Our last topic is flow-based WRED.  One of the disadvantages of WRED is that it does truly randomly drop packets.  It might drop a bunch of TCP packets from the same flow, or it might target a flow that isn't taking much bandwidth.  Flow-based WRED addresses these issues by making sort of a pseudo-WFQ inside the WRED.  Of note, flow-based WRED does not work with CBWFQ, so we're only talking about an on-the-interface WRED.  Since we can't specify any other type of queueing method on-the-interface while WRED is enabled, it makes sense for WRED to have a more complicate queueing method.

Flow-based WRED - sometimes referred to as FRED - will create a "pseudo-queue" (that's my own term, don't quote it) for each flow passing through the WRED.  It then divides the number of flows by the buffer size.  Let's say you have the default queue size of 40, and 20 flows.  Each flow would be allowed 2 packets in the queue, multiplied by a scaling factor to allow for bursts.  The default scaling factor is 4.  So, each flow would be allowed 8 packets.

In this algorithm, if a flow had more than 8 packets in the queue, it would be penalized more heavily. 

The configuration is relatively easy:

Interface Serial0/0
  random-detect flow
  random-detect flow count 128
  random-detect flow average-depth-factor 8 ! must be a power of 2

This would allow for 128 unique flows, and allow a multiplier of 8 for burst.

Hope you enjoyed my WRED deep-dive.




  1. Jeff, you did a great job on this topic I have always searched this topic on Cisco website and on Google but very few people explain it the way you did. Thank you so much man but unfortunately I'm only seeing this post in November 2015 and your post was written back in 2012. Therefore I think it's been a long time and what I was going to ask you will definitely not be applicable now.

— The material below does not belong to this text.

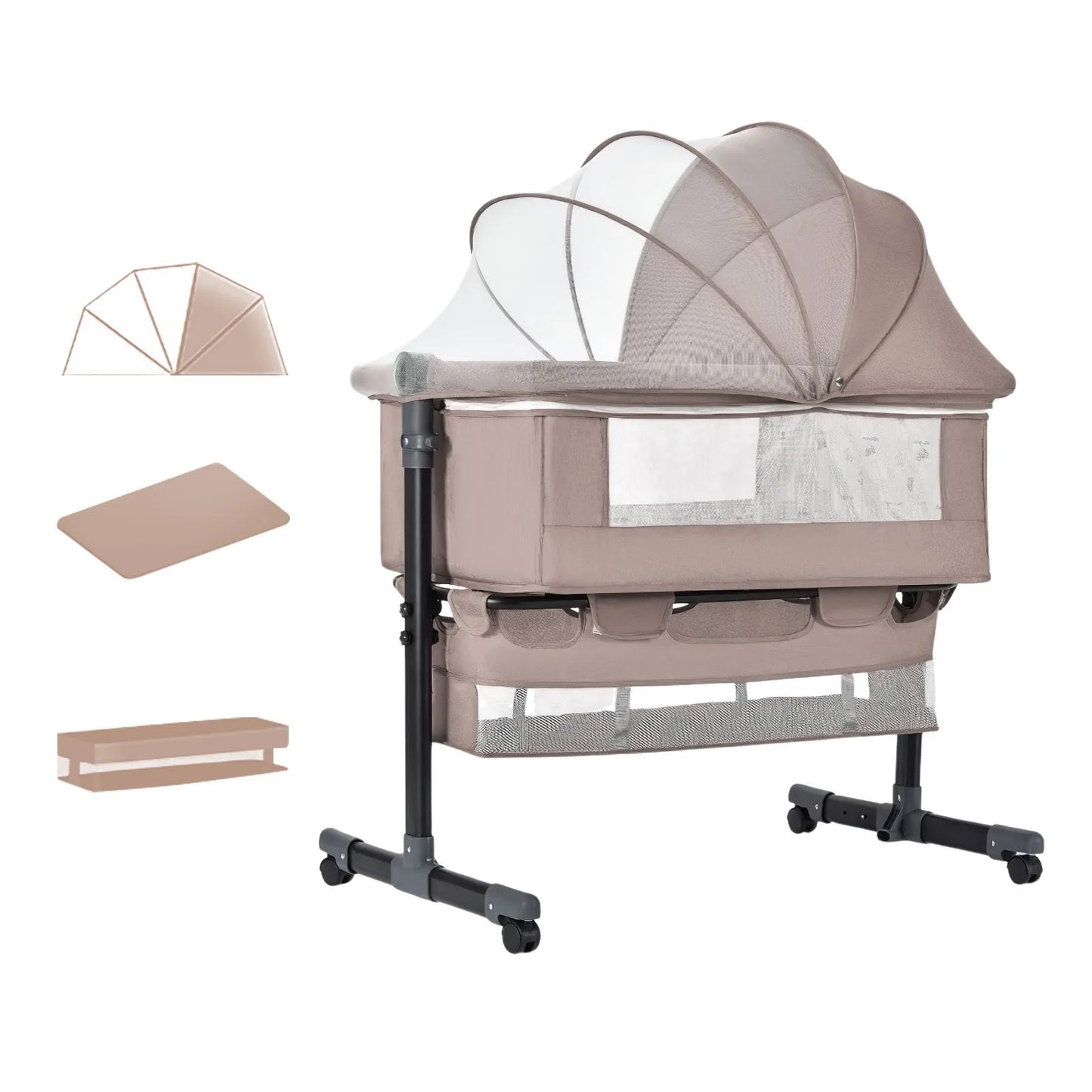 Modern cheaps Newborn cot portable infant bedside sleeper foldable playpen black gray baby bed crib bassinet for 0-3 years baby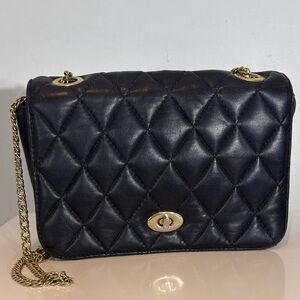 L.J. Simone Vintage Quilted Black Leather Chain Shoulder Bag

I was going to ask you to do more topics on QoS in general since this is one of the most misunderstood subject in the world of networking. Thank you so much for your post..

    1. Thanks for the kinds words! However, it's unlikely I'll be writing any more QoS up in the immediate future. I threw a teaser on my main page that I'd be blogging CCNP Voice (Collab) in the near future, and I've actually dropped that as well, in favor of more CUBE/CUCM/3rd-party SBC research, as that's my voice niche. Those articles should be coming... eventually :)

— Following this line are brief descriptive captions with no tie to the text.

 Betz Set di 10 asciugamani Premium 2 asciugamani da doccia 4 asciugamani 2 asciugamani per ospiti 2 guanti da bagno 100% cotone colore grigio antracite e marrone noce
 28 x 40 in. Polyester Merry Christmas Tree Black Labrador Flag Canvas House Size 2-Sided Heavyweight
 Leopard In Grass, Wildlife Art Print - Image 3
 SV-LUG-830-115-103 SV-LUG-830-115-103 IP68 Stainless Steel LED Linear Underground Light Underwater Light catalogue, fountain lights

  2. My name is Lungelo by the way from South Africa...

  3. Thank you for your post, it is very clear.
    I would like to ask you the following question:
    "In WRED, is it possible to dynamically tweak the min- and max-threshold values?"
    My problem is that I would like to change some WRED parameters according to the network performance.

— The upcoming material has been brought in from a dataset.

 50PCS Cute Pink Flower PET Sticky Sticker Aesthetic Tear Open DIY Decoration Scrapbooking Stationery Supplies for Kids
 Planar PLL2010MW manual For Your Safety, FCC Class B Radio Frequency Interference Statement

  4. Jeff, thank you for this post. I'm really enjoying turning to your blog for clear answers when a lot of other articles talk about general and sometimes vague stuff.

    The way I've seen WRED implemented in my organization doesn't look correct. They have got WRED implemented in AF4x class without filtering UDP from TCP traffic causing poor quality live video streams and have set MPD value to 1. When I try to seek explanation, I'm told that the EWC is playing a role to exponentially increase drops as Average queue Size moves to maximum threshold from minimum threshold so that all packets are dropped by the time Average Queue size hits the maximum threshold. I'm unable to buy this logic. What would you say? Is it just plain wrong or my interpretation is wrong?

    1. It doesn't seem a good plan to mix important UDP flows into a queue with WRED enabled, ever. I can imagine some use cases where MPD should be set to 1. I can't see how adjusting EWC is going to change the situation - EWC just controls how "knee jerk" the process is. These sort of things are hard to judge without all the details, but what you're describing doesn't seem like a proper configuration.

  5. Great article, but have a question.

    You mention the following:

    "In fact, it's completely possible to enable WRED but have it do absolutely nothing if you set the hold-queue smaller than the minimum threshold -- might be useful for some obscure lab question."

    Then in the example below you appear to do just that for IPP 5 and 6?

    "interface Serial0/0
    random-detect precedence 5 101 102 10
    random-detect precedence 6 101 102 10
    hold-queue 100 out"

    So in this case, WRED will have no affect at all on IPP5 and 6.

    Once again, great article!